0

I am trying to return only the center crop with the oversample of Caffe using Python code the caffe.io.oversample function (not the classifier.py). II have tried to modify the code to return only the center crop however it still returns 10 instead of 1 crops. I have rebuilt the caffe and pycaffe however the situation is still the same. How can I get the python code to return only one crop?? I am confused. I have used matcaffe before but I don't know python, I am just figuring out as I go. Thanks!

Modified part:

def oversample(images, crop_dims, flow=False):
  """
  Crop images into the four corners, center, and their mirrored versions.

  Take
  image: iterable of (H x W x K) ndarrays
  crop_dims: (height, width) tuple for the crops.

  Give
  crops: (10*N x H x W x K) ndarray of crops for number of inputs N.
  """
  # Dimensions and center.
  im_shape = np.array(images[0].shape)
  crop_dims = np.array(crop_dims)
  center = im_shape[:2] / 2.0

  # Make crop coordinates
  # Take center crop.

          crop = np.tile(center, (1, 2))[0] + np.concatenate([
              -self.crop_dims / 2.0,
              self.crop_dims / 2.0
          ])
          crops = images[:, crop[0]:crop[2], crop[1]:crop[3], :]

  return crops

Its original:

def oversample(images, crop_dims, flow=False):
  """
  Crop images into the four corners, center, and their mirrored versions.

  Take
  image: iterable of (H x W x K) ndarrays
  crop_dims: (height, width) tuple for the crops.

  Give
  crops: (10*N x H x W x K) ndarray of crops for number of inputs N.
  """
  # Dimensions and center.
  im_shape = np.array(images[0].shape)
  crop_dims = np.array(crop_dims)
  im_center = im_shape[:2] / 2.0

  # Make crop coordinates
  h_indices = (0, im_shape[0] - crop_dims[0])
  w_indices = (0, im_shape[1] - crop_dims[1])
  crops_ix = np.empty((5, 4), dtype=int)
  curr = 0
  for i in h_indices:
      for j in w_indices:
          crops_ix[curr] = (i, j, i + crop_dims[0], j + crop_dims[1])
          curr += 1
  crops_ix[4] = np.tile(im_center, (1, 2)) + np.concatenate([
      -crop_dims / 2.0,
       crop_dims / 2.0
  ])
  crops_ix = np.tile(crops_ix, (2, 1))

  # Extract crops
  crops = np.empty((10 * len(images), crop_dims[0], crop_dims[1],
                        im_shape[-1]), dtype=np.float32)
  ix = 0
  for im in images:
      for crop in crops_ix:
          crops[ix] = im[crop[0]:crop[2], crop[1]:crop[3], :]
          ix += 1
      crops[ix-5:ix] = crops[ix-5:ix, :, ::-1, :]  # flip for mirrors
      if flow:  #if using a flow input, should flip first channel which  corresponds to x-flow
        crops[ix-5:ix,:,:,0] = 1-crops[ix-5:ix,:,:,0]
  return crops
Shai
  • 111,146
  • 38
  • 238
  • 371
dusa
  • 840
  • 3
  • 14
  • 31
  • it makes no sense using `oversample` if you only want the central crop.

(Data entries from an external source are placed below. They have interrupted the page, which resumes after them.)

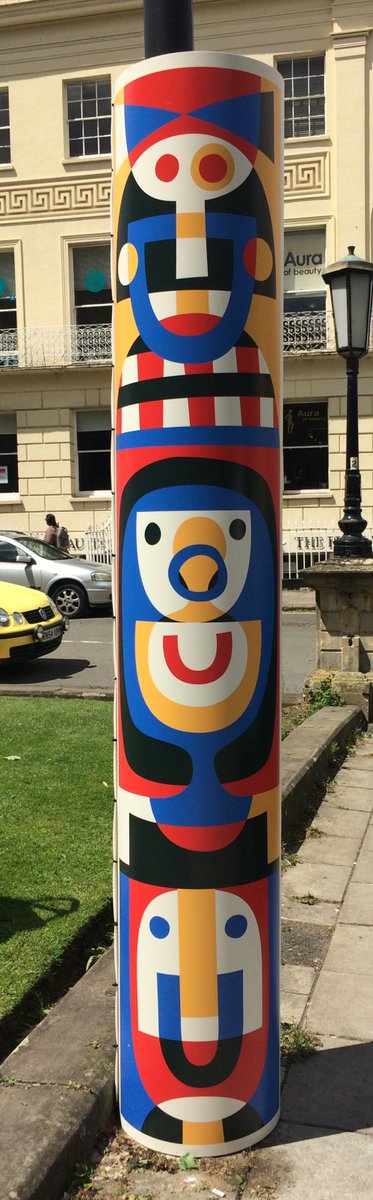 CheltenhamCOS's tweet photo. Follow the Cheltenham Open Studios 2017 Lamppost trail #localtalent #Cheltenham #LoCole https://t.co/n1scfaBc6z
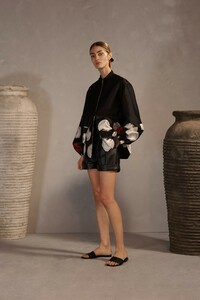 00013-Claudia-Li-Pre-Fall-2019.thumb.jpg.f274dc9819a8586b6579947e711a3411.jpg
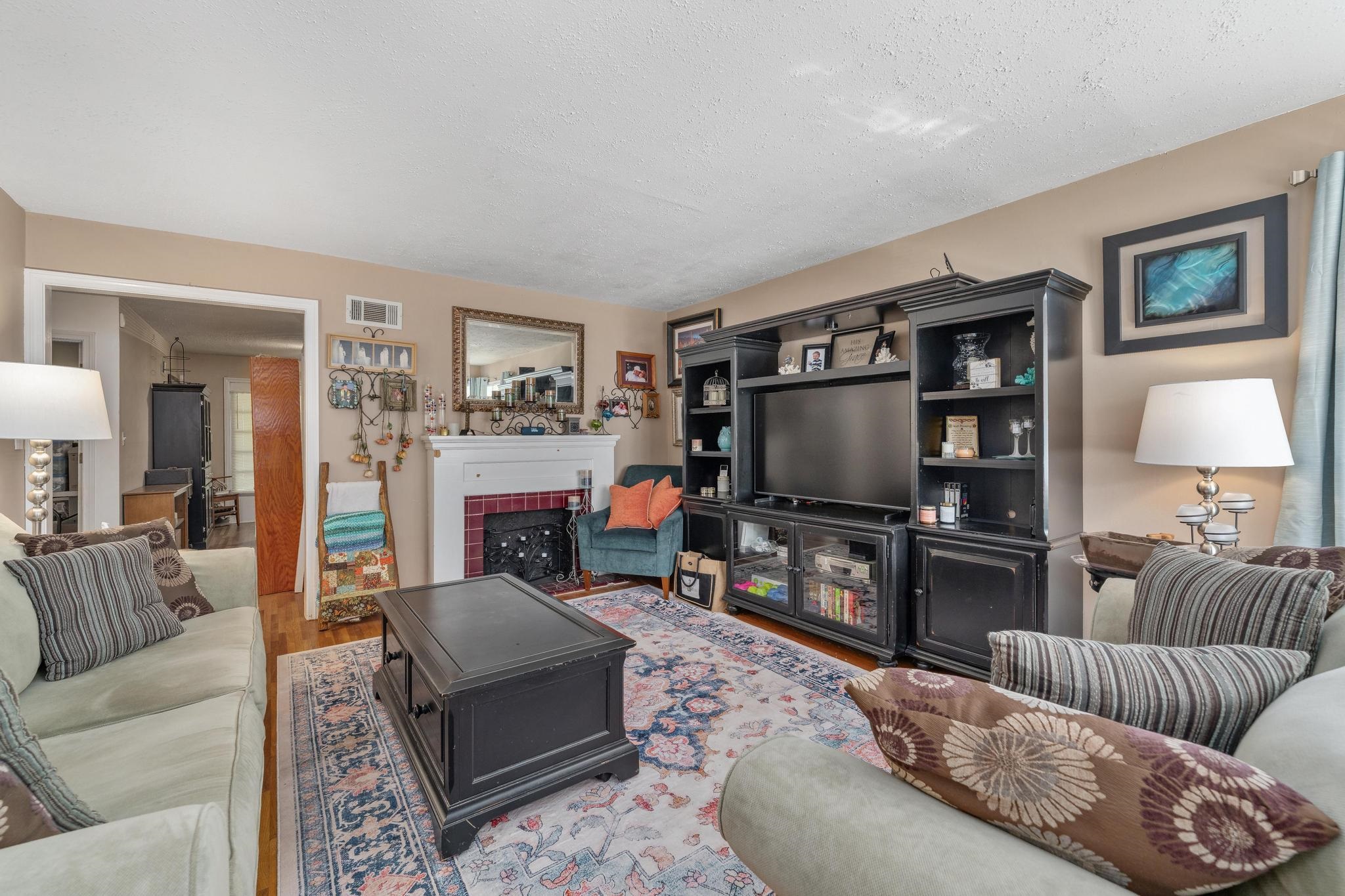 727 S Fountain Ave, Wichita, KS 67218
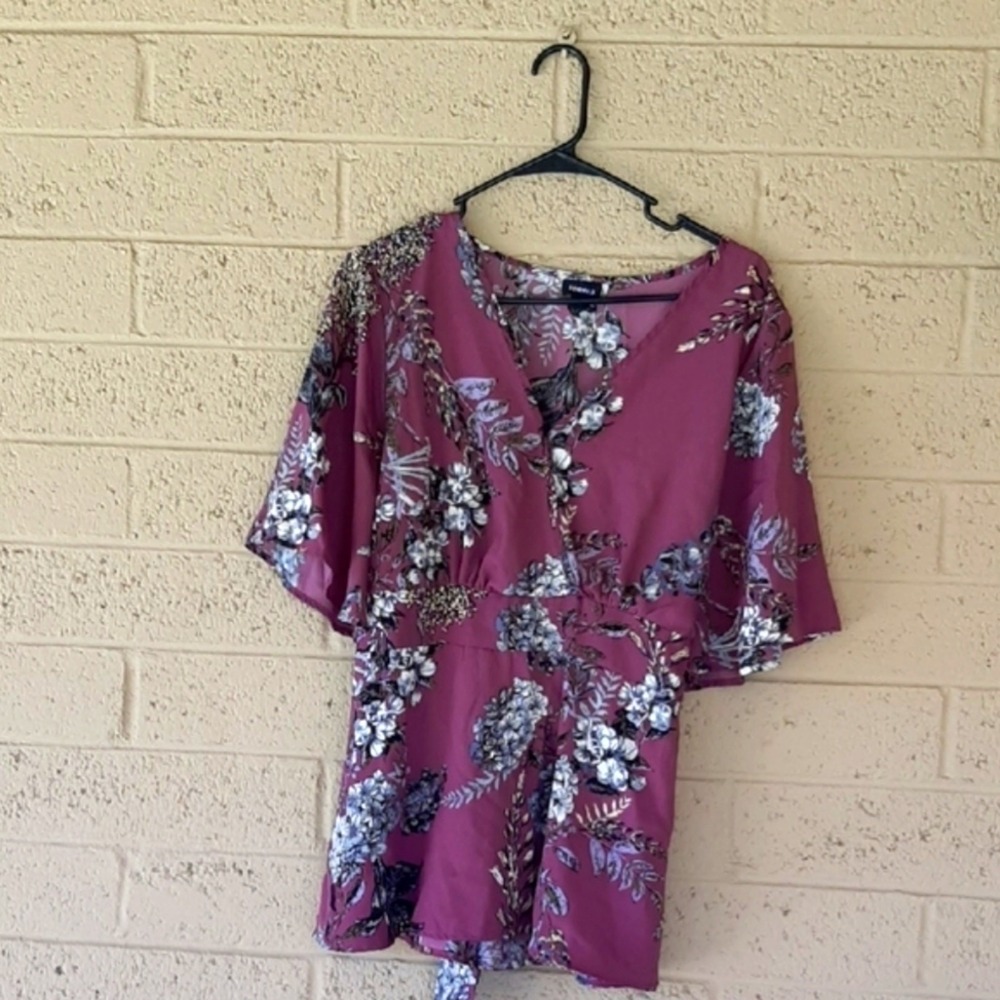 Torrid Blouse size 0 - Picture 2 of 10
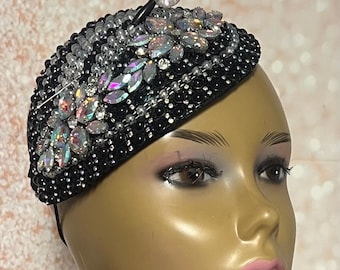 Zwarte druppelvormige tovenaar met iriserende kralen voor kerk, bruiloften en andere gelegenheden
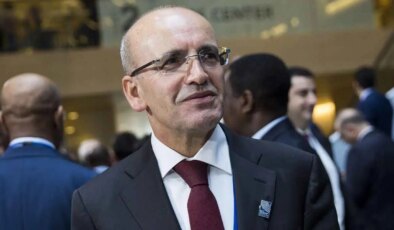 Mehmet Şimşek’ten ikinci RT: Yine ‘saç ekimi’ şakası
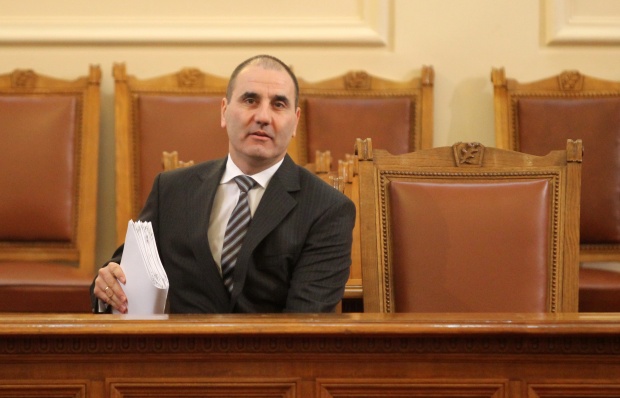 Цветанов: Не искам Костов да ме обича, няма да се женя за дъщеря му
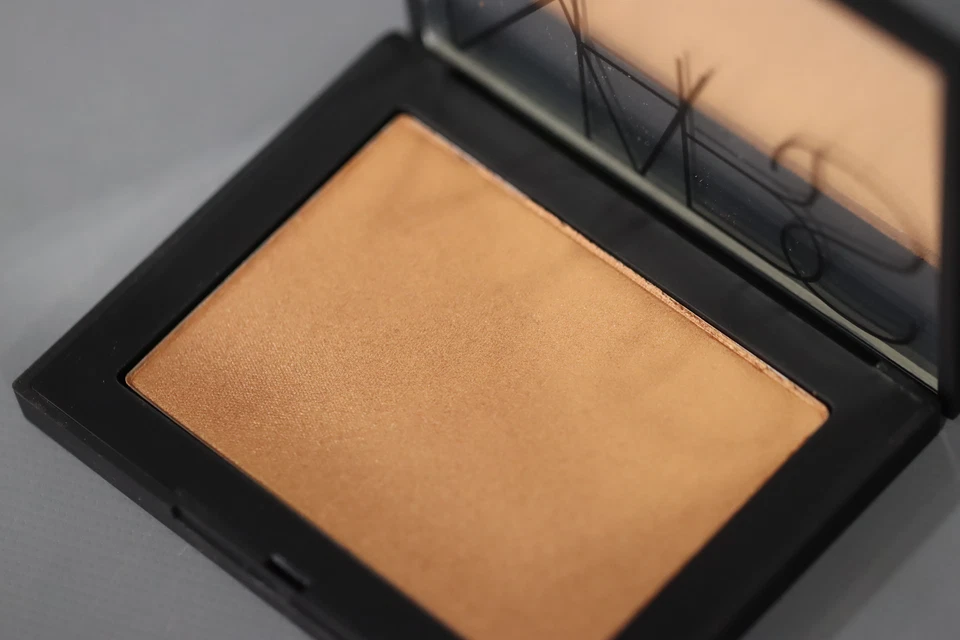 NARS Highlighting Powder - St. Barths 14g/0.49oz - Image 3 of 4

What are you trying to do? – Shai May 19 '16 at 05:38
  • I am only trying to decrease the memory usage, that is all, I have decreased the batch size to 16, which I want to keep as as I am using sequences of frames for an RNN, however it still requires more memory, as I have a Tesla computation capability 2.0 so I thought taking only one crop or just using a resized version of an image should help with the memory requirement (even though it might lower accuracy) All in all, I am trying to make minimal changes to the code because I don't know Python. – dusa May 19 '16 at 17:09
  • train time or test time? – Shai May 19 '16 at 17:17
  • test time, I have lowered the batches in training and it worked. I am using this lstm caffe extension https://github.com/LisaAnne/lisa-caffe-public/tree/lstm_video_deploy and trying to classify a video to see if the lstm model I have trained works but I can't, it takes 16 frames at once (and the 10 crops) so it is higher than my Tesla's computation capability. – dusa May 19 '16 at 17:59

1 Answers1

0

I was trying to do the same. In the end, I had to use array slicing to crop the image:

def crop_center(img, cropx, cropy):
    _,x,y = img.shape
    startx = x//2-(cropx//2)
    starty = y//2-(cropy//2)
    return img[:, starty:starty + cropy, startx:startx + cropx]

The input to the function is an (C, W, H) array.